また、法人格として地域に接するのではなく、個人格で接することも大切だと考えています。地域は限られたコミュニティなので、利害だけを意識した関係や、一方の理論だけで動く利他性の欠けた接し方では、地域内で活動し続けることは難しい。一人ひとりの思いや背景を知り、つながりを丁寧に作る必要があります。地域に対する愛を伝え、「地域を第一に考えていて、むしろ一緒に企てていきたい共犯者です」というスタンスを大事にしてきました。「東京の企業は怖い」と思っていた人にも、「この人なら信頼できる」と感じてもらえるような関係性を築くことが、地域に溶け込む上での鍵だと感じています。
私にとって「多様性と生活者発想」とは、「発見しながら溶け合う」という感覚でしょうか。地域の潜在能力を再発見して、それを活かしていくという考え方は、多様性にも通じるところがあると思っています。地域が持続可能であるためには、当たり前のように行われていることや隠れた魅力を掘り起こすことが大切です。そうしたものを活かせば、無理なく持続可能な形が見えてきます。そして、これは地域だけではなく、人にも当てはまると思うんです。一見違うことも、その人にとっては当たり前のことであり、他者から見ればとても素敵なことかもしれません。無理に変えたり合わせたりするのではなく、お互いの違いを尊重し、そのままの姿で自然に溶け合える関係が理想だと思います。それは「生活者を見る」という視点ではなく、「私も生活者の一員だ」という感覚で、一緒に体感し、共に暮らしを作り上げるようなイメージです。なので、「発見」と「溶け合う」という言葉が、自分の感覚を最も表しているかなと思います。
そして「溶け合う」という感覚とともに、「体感しながらわかる」ことも重要だと思います。これは多様性にも、地域の魅力の再発見にも通じることです。実際に行動してみる、試してみることで新たな道が開けることがありますし、自分の信念や「地域が好き」という気持ちを言葉にするだけでも、新しい可能性が見えてくると思います。そうした「体感値」をこれからも大切にしていきたいです。
私は4つの部を束ねていますが、ちょうど2年ほど前に第一子が生まれ、3ヶ月間の育休を取得しました。昨年4月から妻も復職して、新米父ちゃんとして日々奮闘中です。

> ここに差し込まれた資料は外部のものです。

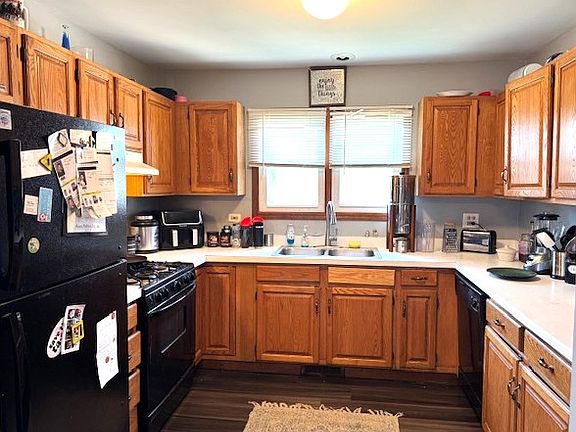 3rd image of 962 Crestville Ct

育休は、先輩や地元の友人が取得していたので、子どもが生まれることがわかった時点で自分も取得する前提でいましたが、やはりさまざまなクライアントとの仕事もありますので、自分が抜けても問題ない状態をどうやって作れるか、周囲に迷惑をかけるけれど本当に休んでいいのかという思いも少しありました。ただ、上司や一緒に仕事をしている方々には「育休を取ろうと思ってる。期間はまだ決めていないけど、長めに取る予定」と事前に伝え、直前に3ヶ月ほど取得したいと思うと話していました。最初は、上司も少し不安そうな感じがありましたが、直前になるほど、僕自身も覚悟が決まってきましたし、チームのみんなも「ご家族といい時間を過ごしてください」と快く送り出してくれました。振り返ると、周囲の協力があってこそ取れた育休だったと思っています。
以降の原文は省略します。